My Booky Wook 2: This Time it's Personal by Russell Brand
My rating: 2 of 5 stars
Much like the first book, but i was still shocked at several parts in the book... Drinking breast milk, really? I don't know, I'm a fan of Brand, but I don't think it was necessary to split a biography into two. Especially since it took a while for me to get reacquainted with the characters in his life. Prob should have had a little meet and greet in the beginning of this book or something, rather just picking up where the first book left off and assuming everyone had A. read the first book and B. remembered everything and everyone. Took longer than it should have for me to get into this book, especially since his style of humor and writing really are entertaining. I just can't get into a book if I have to sit and play catch up (one of the reasons I like Stephen King's Dark Tower series is for his recaps in the beginning of each new installment, minus the sixth for some odd reason).
One of the parts that I did like was his account of the 2008 MTV VMAs, and the utter failure of his humor being accepted right off the bat in America. Those death threat emails (so thoroughly analyzed in this book) were actually a lot of fun to read. Even though they really just serve to show the world how violent and self-righteous American citizens are. Of course, that's a topic better left for political blogs. Or at least, from a separate post than a discussion of a comedian's memoir.
As much as I appreciated the fact that more of this biography was relevant to me, an American with little access to Brand's earlier work in Britain, I feel like this was just an effort to make a little bit more money off the hype surrounding his first Booky Wook. Less entertaining than the first one, it almost felt like a chore to read.
I have to say though, I thought the ending, all about Katy Perry, was pretty sweet. Even if they're getting divorced and he was apparently a jerk to her anyway, it's good to see love in action. Cheesy and lame and a little too romantic for my tastes, but there you have it.
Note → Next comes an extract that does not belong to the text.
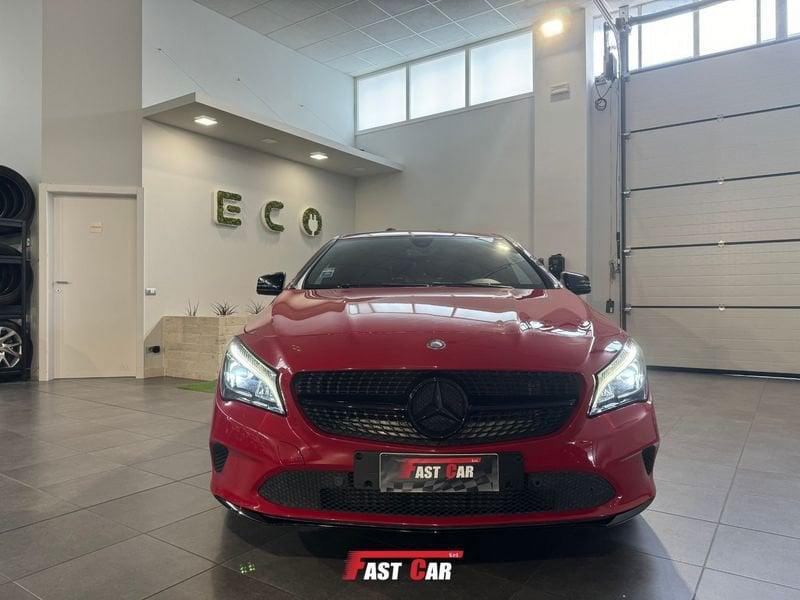 Mercedes-Benz CLA CLA 220 d Automatic Premium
Everyone just wants to be loved. Sidenote: the psychologist in me really enjoyed the intense relationship with his mother, and the not-so-close bond with his father, and his countless sexcapades throughout his life. Both to impress daddy and make him proud, and to feel some attachment, even somewhat close to what he feels to his mother (although clearly a different relationship than mother-son)... I really am a nerd for once again bringing psychology into my recreational reading.
So anyway, my final thoughts- I was still entertained by Brand, but this felt a little more like required reading to me. Plus it was so similar to his first Booky Wook, it got kind of monotonous and boring. Which is something I never thought I'd say about Russell Brand, especially after reading his first book. I recommend it, but take your time reading it or you'll feel forced to read it which makes it less fun.